In the data below, repeat the line containing "Photo KMHDU46D17U224934 - HYUNDAI" and every following line exactly, up to and including the last line. Exclude pictures.

* **STORED DATA**
========

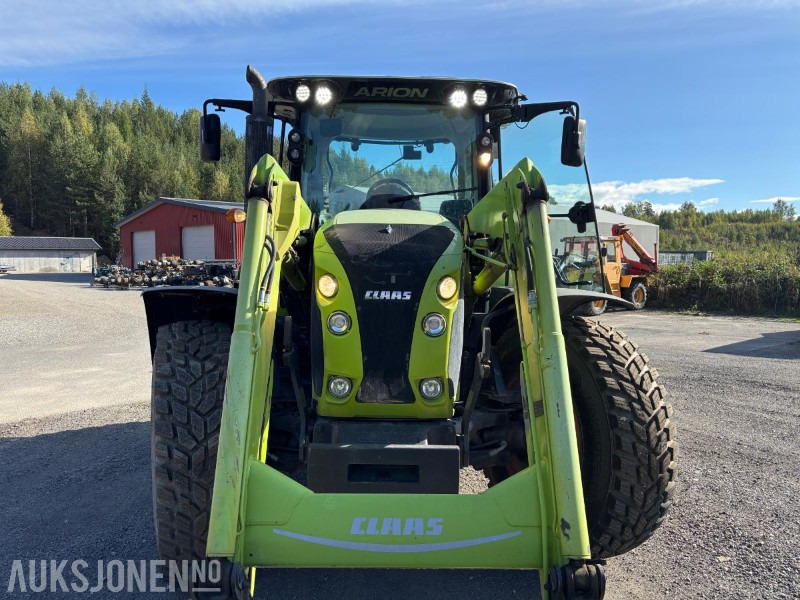 2015 Claas Arion 530 A34 traktor med frontlaster - Trator: foto 3 2015 Claas Arion 530 A34 traktor med frontlaster - Trator: foto 3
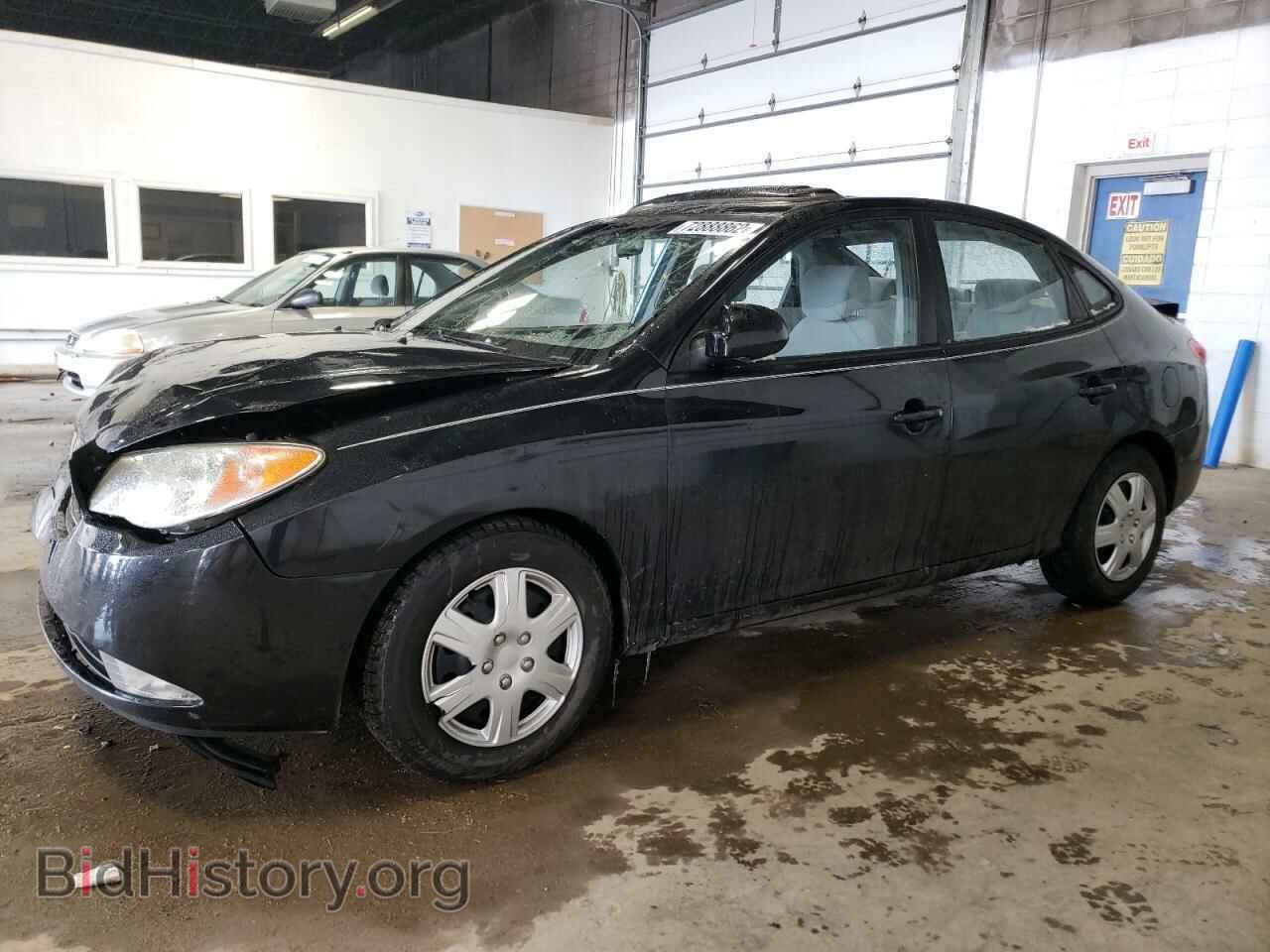 Photo KMHDU46D17U224934 - HYUNDAI ELANTRA 2007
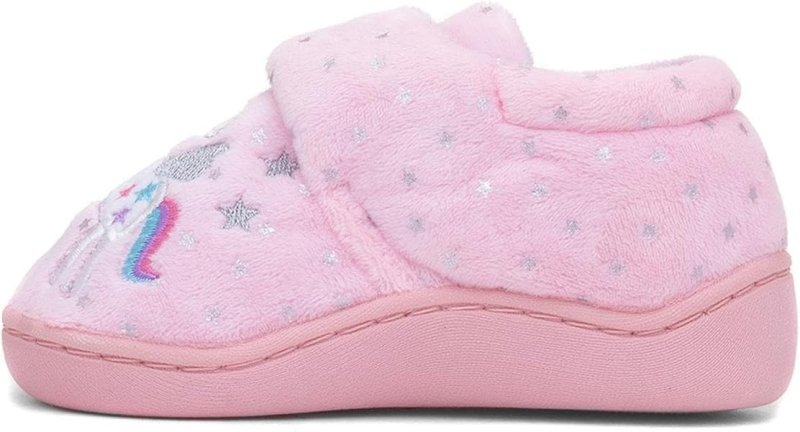 The Slipper Company Courtney Kids Pink Slipper - Kids shoes - British D'sire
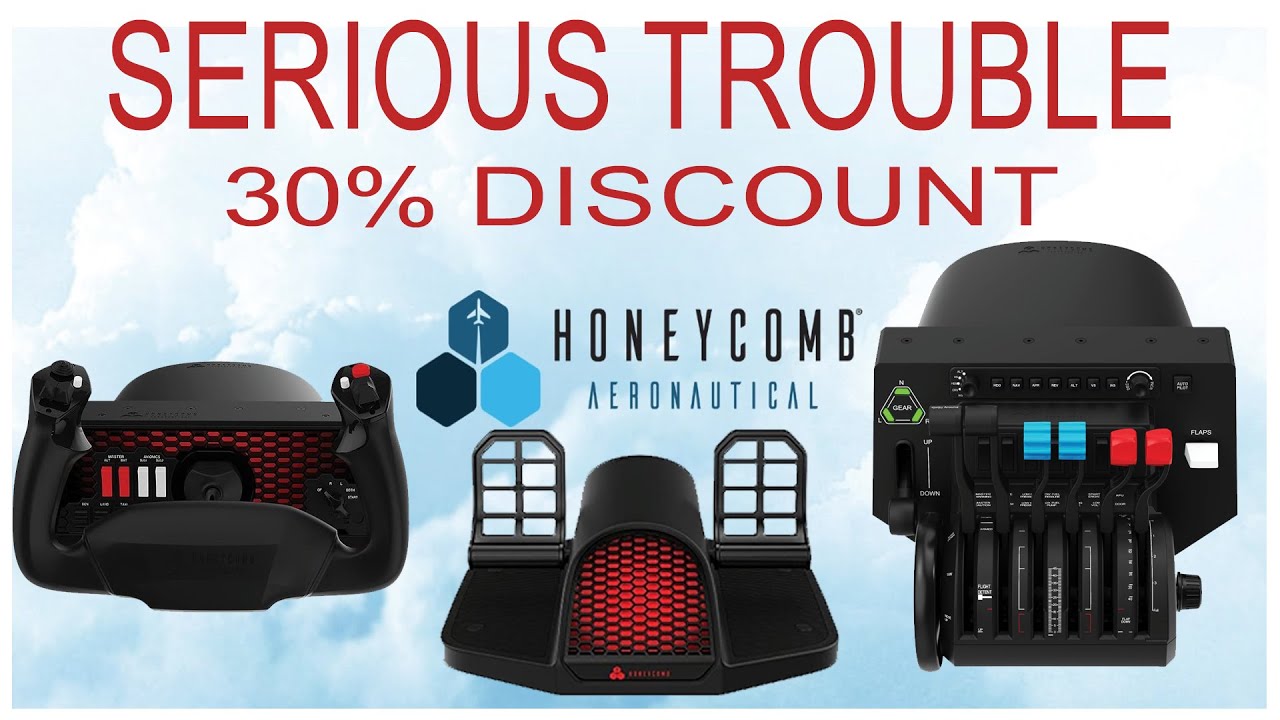 BREAKING NEWS* Honeycomb Aeronautical in Serious Trouble -- (PLUS 30%  Discounts)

========

* **FINAL ANSWER**
 Photo KMHDU46D17U224934 - HYUNDAI ELANTRA 2007
 The Slipper Company Courtney Kids Pink Slipper - Kids shoes - British D'sire
 BREAKING NEWS* Honeycomb Aeronautical in Serious Trouble -- (PLUS 30%  Discounts)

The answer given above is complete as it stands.